[lbo-talk] It's May Day....

shrill.polemic shrill.polemic at gmail.com
Mon May 3 17:47:24 PDT 2010


On Mon, May 3, 2010 at 6:08 PM, <dredmond at efn.org> wrote:
> The most dominant platforms are actually cellphones and handheld gaming
> devices (DS has sold 130 million units, PSP 58 million). In the console
> world, Sony's last-generation PS2 sold 136 million, Nintendo's Wii sold 71
> million, Microsoft's Xbox360 40 million and Sony's PS3 34 million. Data is
> up here: http://vgchartz.com/weekly.php
>
> Gaming used to be driven by corporate monopolies -- Nintendo owned 90% of
> the market in the late 1980s, then Sony had 60% of the market in the early
> 2000s.
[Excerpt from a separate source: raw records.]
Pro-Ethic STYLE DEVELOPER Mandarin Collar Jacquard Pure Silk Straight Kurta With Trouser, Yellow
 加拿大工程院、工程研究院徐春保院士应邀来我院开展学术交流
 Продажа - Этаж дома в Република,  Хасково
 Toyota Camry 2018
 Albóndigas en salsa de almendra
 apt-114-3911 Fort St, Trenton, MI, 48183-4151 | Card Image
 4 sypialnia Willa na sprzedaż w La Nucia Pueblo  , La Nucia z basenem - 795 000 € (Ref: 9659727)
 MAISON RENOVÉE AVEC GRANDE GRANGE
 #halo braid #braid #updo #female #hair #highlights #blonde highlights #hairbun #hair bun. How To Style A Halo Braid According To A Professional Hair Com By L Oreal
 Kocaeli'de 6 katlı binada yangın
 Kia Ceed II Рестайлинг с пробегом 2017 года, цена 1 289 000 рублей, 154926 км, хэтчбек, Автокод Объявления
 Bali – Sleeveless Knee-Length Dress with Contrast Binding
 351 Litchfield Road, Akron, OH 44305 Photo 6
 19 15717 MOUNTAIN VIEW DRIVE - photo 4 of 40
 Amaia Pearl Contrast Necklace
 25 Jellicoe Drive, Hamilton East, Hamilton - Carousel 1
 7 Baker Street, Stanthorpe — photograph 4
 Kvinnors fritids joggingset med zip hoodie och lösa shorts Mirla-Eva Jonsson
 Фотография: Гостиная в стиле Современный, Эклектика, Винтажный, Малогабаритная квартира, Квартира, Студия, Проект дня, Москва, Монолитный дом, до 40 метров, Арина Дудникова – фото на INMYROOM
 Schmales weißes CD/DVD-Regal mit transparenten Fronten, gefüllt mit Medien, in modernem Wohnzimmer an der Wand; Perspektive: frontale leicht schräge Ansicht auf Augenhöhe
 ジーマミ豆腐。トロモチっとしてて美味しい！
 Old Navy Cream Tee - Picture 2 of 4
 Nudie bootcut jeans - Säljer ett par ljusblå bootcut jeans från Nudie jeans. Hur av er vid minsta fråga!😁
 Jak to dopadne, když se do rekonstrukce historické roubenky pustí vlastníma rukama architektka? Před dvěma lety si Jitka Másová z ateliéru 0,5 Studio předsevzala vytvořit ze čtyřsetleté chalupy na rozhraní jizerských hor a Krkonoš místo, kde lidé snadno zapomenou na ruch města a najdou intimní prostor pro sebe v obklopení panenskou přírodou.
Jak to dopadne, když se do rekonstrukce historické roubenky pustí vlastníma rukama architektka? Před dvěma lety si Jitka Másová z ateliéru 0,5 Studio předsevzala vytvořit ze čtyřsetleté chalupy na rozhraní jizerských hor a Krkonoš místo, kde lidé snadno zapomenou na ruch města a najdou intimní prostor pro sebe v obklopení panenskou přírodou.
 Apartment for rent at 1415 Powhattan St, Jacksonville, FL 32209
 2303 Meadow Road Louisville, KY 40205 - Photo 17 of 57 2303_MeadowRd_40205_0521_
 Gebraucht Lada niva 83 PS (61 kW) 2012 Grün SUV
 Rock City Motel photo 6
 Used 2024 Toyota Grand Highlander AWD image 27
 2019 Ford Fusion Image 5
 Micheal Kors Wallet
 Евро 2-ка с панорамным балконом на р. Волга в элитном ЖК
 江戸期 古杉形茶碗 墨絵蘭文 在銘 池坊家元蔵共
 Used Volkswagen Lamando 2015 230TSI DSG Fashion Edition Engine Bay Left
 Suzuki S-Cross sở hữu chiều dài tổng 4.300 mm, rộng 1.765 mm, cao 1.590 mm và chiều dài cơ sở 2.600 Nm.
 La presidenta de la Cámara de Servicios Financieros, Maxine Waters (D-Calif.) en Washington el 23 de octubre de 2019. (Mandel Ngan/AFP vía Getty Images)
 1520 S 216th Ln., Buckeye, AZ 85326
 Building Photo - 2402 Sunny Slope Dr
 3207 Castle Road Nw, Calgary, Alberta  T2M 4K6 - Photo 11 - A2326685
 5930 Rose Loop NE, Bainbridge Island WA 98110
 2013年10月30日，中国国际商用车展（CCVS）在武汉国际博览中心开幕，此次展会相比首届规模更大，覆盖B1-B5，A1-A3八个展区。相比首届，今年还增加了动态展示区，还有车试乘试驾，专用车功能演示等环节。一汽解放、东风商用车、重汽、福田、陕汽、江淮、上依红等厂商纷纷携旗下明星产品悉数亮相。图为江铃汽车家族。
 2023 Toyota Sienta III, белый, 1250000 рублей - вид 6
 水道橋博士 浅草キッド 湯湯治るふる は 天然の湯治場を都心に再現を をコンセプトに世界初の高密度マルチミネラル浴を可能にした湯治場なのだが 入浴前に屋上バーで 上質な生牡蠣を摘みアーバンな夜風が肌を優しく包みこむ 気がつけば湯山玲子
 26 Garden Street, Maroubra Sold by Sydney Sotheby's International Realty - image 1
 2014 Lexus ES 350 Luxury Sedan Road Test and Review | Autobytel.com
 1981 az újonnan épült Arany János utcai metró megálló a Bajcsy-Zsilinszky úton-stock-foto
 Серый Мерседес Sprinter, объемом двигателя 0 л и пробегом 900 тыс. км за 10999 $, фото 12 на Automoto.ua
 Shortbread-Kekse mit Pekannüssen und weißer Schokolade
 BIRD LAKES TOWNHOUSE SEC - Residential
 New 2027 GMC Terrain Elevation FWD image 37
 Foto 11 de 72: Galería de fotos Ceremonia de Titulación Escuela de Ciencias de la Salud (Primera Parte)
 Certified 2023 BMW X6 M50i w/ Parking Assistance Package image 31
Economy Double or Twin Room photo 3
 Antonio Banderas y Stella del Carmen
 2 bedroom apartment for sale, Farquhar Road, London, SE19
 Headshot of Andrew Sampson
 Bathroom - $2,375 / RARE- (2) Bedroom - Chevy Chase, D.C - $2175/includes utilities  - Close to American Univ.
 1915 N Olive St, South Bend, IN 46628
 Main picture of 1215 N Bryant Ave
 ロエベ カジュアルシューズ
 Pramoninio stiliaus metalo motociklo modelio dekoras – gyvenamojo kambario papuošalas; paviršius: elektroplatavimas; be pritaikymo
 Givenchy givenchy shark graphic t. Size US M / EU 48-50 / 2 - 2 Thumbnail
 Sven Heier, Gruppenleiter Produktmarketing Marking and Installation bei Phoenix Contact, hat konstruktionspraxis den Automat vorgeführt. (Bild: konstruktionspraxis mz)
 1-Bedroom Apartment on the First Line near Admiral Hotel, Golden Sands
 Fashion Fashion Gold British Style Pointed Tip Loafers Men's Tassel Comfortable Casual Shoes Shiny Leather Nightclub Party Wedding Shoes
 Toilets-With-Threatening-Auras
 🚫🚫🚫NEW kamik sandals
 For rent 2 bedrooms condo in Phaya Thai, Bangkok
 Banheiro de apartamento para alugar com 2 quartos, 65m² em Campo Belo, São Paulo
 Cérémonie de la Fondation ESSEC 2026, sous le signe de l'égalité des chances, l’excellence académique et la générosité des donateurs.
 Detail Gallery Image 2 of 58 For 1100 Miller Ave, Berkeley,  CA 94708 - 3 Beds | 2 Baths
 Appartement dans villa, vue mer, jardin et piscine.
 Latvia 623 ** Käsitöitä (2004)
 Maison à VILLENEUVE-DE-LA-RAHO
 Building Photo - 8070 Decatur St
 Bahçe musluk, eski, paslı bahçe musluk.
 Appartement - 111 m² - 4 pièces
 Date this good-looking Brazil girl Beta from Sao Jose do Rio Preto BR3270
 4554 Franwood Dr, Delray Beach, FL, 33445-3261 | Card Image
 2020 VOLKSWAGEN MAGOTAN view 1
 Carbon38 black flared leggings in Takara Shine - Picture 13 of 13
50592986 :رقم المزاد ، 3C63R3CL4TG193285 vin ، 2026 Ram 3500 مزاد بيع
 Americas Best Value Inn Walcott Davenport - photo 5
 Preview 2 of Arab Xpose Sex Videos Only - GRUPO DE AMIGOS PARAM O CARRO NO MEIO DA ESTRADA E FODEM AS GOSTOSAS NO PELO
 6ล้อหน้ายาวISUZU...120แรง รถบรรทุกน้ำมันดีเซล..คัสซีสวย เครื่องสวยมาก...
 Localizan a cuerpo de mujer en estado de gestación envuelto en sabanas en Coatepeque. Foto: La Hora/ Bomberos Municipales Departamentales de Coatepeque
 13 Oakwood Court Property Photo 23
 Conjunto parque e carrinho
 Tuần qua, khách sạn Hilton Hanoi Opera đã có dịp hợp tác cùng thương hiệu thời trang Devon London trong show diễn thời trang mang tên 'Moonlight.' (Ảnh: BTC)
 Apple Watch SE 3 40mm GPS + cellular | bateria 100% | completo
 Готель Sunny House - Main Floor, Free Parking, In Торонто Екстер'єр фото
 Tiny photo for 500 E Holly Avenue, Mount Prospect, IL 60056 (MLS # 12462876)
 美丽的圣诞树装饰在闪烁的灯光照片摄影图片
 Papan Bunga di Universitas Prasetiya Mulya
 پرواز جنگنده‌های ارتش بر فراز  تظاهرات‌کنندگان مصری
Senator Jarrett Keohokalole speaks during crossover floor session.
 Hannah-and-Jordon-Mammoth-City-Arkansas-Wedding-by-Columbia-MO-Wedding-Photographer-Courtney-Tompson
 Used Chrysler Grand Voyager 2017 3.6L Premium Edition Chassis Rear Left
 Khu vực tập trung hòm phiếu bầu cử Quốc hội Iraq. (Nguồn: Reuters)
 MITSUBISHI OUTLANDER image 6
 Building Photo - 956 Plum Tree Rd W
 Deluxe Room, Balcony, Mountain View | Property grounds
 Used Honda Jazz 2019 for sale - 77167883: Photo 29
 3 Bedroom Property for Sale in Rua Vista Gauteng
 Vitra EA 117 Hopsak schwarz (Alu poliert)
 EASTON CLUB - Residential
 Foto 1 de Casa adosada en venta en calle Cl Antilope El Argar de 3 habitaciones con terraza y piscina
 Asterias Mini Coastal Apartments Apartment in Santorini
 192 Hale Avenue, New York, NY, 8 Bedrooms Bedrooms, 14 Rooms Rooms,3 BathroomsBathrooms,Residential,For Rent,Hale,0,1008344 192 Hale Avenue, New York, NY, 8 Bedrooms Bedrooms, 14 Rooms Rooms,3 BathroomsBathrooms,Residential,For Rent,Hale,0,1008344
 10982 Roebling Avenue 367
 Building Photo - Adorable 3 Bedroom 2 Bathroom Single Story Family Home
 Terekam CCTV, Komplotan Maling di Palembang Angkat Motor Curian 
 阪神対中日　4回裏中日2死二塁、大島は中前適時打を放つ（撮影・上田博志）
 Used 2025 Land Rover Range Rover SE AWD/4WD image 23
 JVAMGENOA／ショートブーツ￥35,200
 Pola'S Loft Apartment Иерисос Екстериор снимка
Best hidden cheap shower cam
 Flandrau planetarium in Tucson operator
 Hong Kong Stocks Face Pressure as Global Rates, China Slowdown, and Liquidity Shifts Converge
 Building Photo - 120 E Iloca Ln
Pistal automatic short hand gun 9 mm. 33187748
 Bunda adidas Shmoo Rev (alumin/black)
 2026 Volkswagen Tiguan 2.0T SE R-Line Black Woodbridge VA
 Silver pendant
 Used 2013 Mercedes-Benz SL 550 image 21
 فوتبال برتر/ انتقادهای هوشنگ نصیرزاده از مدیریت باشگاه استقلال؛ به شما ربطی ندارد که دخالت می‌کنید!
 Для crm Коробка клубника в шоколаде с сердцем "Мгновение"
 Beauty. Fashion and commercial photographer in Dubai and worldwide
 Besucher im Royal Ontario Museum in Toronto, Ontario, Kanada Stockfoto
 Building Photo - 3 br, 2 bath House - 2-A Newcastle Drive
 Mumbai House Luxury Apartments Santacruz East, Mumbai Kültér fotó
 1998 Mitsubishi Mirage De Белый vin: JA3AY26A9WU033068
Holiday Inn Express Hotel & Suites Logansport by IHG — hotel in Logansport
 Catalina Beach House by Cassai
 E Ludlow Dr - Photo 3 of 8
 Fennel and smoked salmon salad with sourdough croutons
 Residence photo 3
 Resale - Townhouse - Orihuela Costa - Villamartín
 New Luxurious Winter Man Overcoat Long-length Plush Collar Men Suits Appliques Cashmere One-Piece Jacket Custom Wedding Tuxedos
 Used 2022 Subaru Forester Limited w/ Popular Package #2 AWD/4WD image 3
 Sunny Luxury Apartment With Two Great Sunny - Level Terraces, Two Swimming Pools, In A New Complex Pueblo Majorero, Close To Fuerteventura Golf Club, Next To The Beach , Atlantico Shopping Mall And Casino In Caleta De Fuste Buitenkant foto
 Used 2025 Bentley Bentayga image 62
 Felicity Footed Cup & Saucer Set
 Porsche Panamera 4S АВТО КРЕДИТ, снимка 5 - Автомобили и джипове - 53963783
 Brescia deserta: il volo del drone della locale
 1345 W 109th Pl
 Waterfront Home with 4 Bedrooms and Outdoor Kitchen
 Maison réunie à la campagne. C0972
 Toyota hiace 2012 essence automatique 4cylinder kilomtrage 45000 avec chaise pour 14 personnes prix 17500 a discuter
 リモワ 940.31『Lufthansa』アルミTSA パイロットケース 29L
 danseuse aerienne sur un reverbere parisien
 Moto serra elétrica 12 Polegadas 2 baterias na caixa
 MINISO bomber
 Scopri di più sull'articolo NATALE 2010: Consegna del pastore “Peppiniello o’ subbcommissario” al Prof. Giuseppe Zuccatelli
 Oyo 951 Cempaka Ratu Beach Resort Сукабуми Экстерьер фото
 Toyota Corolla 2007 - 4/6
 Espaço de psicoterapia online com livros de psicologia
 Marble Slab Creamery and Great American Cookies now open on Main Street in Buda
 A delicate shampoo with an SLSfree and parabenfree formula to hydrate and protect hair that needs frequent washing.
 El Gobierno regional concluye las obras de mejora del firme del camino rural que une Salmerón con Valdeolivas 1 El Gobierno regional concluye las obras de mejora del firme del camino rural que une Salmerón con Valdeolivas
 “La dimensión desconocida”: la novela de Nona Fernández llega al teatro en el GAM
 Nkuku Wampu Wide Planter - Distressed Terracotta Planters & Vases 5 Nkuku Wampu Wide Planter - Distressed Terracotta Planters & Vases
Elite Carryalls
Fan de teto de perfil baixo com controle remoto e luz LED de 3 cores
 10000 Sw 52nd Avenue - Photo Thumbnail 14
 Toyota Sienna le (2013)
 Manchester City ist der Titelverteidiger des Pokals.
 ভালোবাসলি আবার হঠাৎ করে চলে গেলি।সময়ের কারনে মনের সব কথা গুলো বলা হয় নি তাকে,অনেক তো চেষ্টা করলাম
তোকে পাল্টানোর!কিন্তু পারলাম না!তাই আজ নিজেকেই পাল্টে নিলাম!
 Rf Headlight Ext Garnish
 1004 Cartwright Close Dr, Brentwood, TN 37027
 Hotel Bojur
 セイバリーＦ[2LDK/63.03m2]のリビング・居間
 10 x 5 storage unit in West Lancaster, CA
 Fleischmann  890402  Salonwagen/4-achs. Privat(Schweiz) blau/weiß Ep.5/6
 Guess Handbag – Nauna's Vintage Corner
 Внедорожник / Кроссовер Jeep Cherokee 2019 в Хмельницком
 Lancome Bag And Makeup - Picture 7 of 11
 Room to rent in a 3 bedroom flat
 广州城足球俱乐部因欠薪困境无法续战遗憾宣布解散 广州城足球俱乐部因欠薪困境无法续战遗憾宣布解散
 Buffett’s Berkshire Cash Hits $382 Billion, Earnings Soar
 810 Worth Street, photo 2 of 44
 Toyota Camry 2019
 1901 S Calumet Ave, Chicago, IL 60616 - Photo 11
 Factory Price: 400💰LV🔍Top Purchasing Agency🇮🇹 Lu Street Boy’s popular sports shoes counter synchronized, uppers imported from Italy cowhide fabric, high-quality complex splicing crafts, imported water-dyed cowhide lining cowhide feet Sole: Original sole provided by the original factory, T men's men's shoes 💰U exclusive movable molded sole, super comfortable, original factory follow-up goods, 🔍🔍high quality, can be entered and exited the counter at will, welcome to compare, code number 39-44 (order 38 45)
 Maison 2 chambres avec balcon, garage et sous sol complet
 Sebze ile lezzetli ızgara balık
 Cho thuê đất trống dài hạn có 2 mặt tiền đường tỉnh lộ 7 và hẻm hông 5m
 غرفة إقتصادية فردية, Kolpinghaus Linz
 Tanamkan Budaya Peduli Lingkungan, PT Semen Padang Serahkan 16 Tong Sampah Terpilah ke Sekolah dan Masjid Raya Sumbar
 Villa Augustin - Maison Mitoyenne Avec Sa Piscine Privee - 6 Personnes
But with the proliferation of platforms, no single company has
> dominance anymore.
>
> -- DRR

Thanks for pointing to these sources. But in that list, where are the games that question or criticize empire, militarism, etc?

And as far as dominance goes though, isn't the current Ninetendo/Sony/Microsoft console "competitive" market (or PSP/Nintendo DS market) a little like comparing Comcast to AT&T U-Verse or Cablevision? They offer roughly the same titles and I gather each charges hefty licensing fees in order for game makers to access their consoles. And if Microsoft or Sony didn't want to offer a title, there's nothing to force them to do so.

I'm trying to understand how you see a difference in how the video game market operates compared to say, film distribution. Seems pretty similar to me.